- [WHAT THE TASK REQUIRES]: Reproduce the whole listing exactly and let no picture into the copy.

- [DATASET CONTENT]:
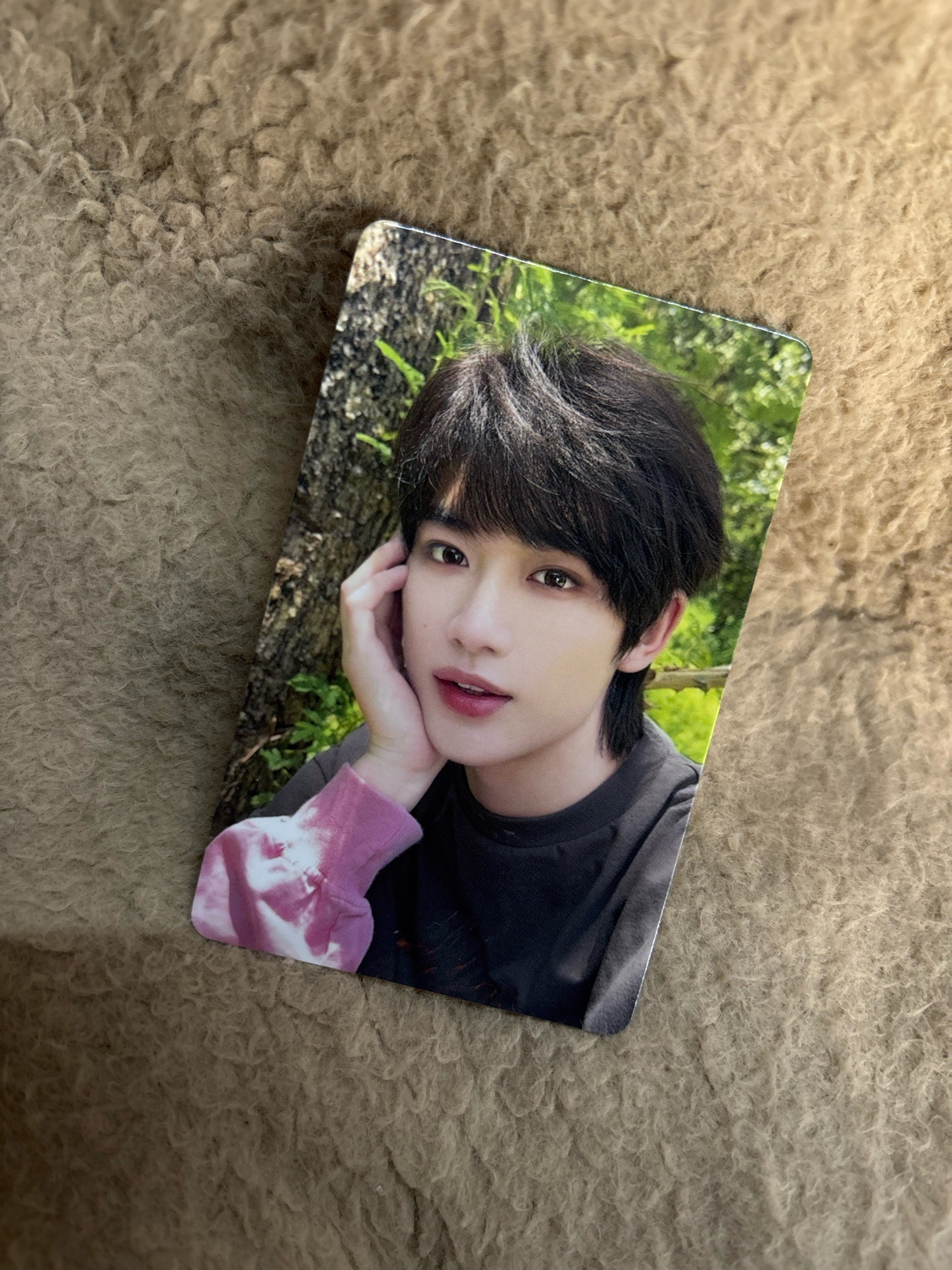 丁程鑫（手腕處有廠損，對光可見）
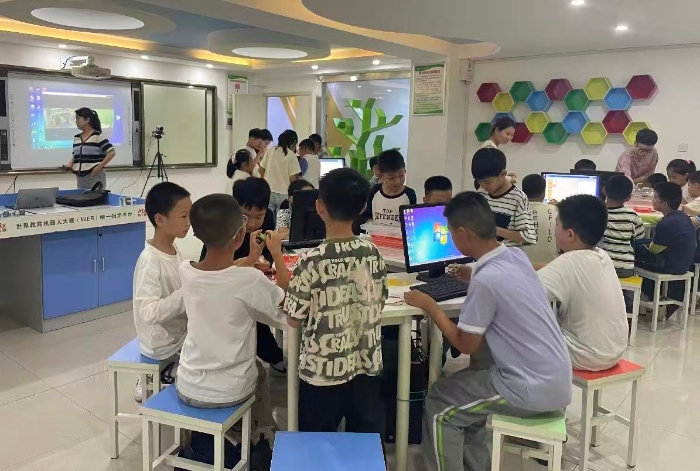 漢中“云課堂”走進中小學 助力城鄉教育均衡發展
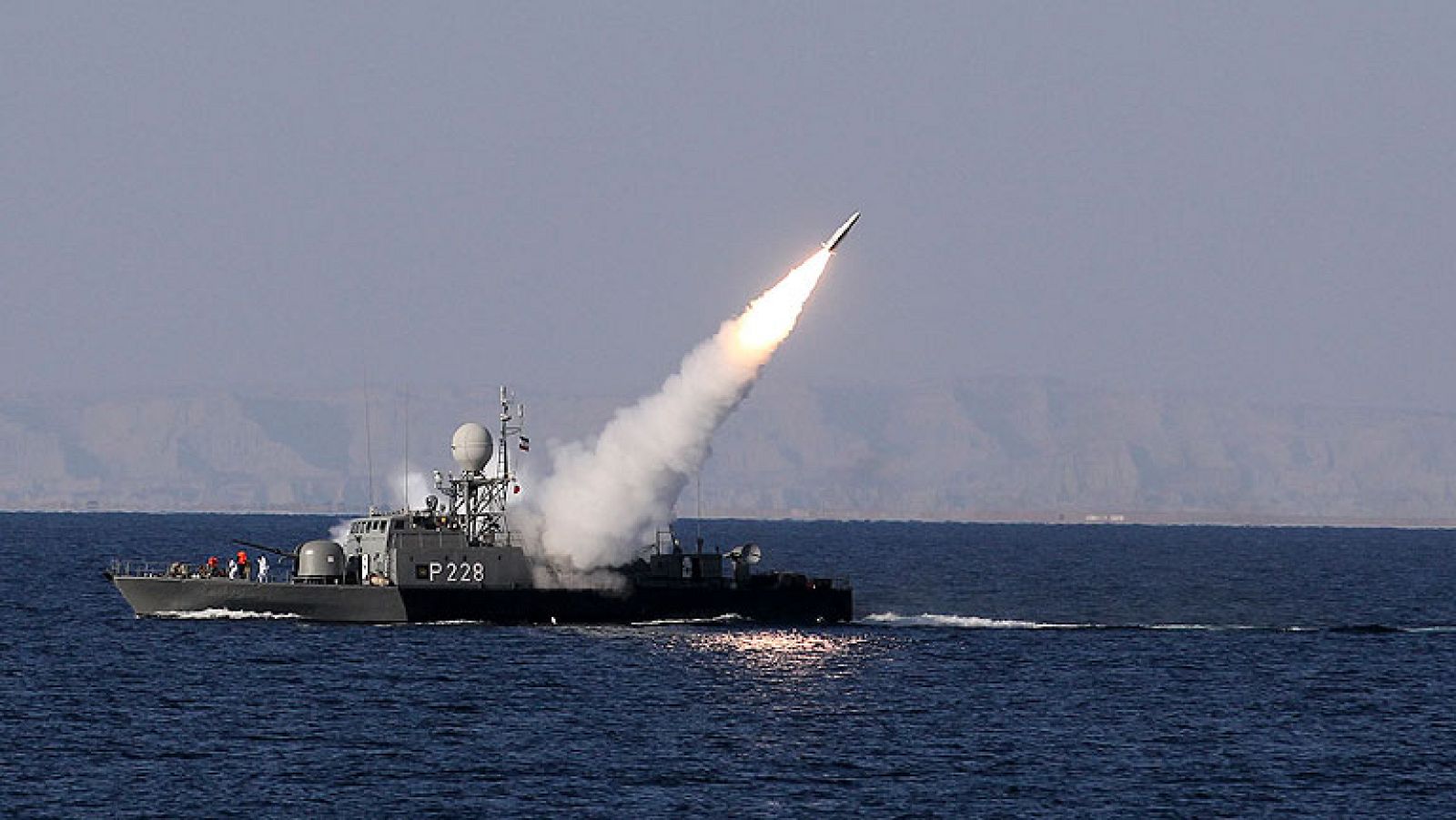 Irán continúa con sus desafíos a Occidente después de que Barack Obama anunciara nuevas sanciones a Teherán por su política nuclear. Anuncian que han conseguido producir su primera barrra de combustible nuclear poco después de probar un misil de medi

- [ANSWER SPACE]:
 丁程鑫（手腕處有廠損，對光可見）
 漢中“云課堂”走進中小學 助力城鄉教育均衡發展
 Irán continúa con sus desafíos a Occidente después de que Barack Obama anunciara nuevas sanciones a Teherán por su política nuclear. Anuncian que han conseguido producir su primera barrra de combustible nuclear poco después de probar un misil de medi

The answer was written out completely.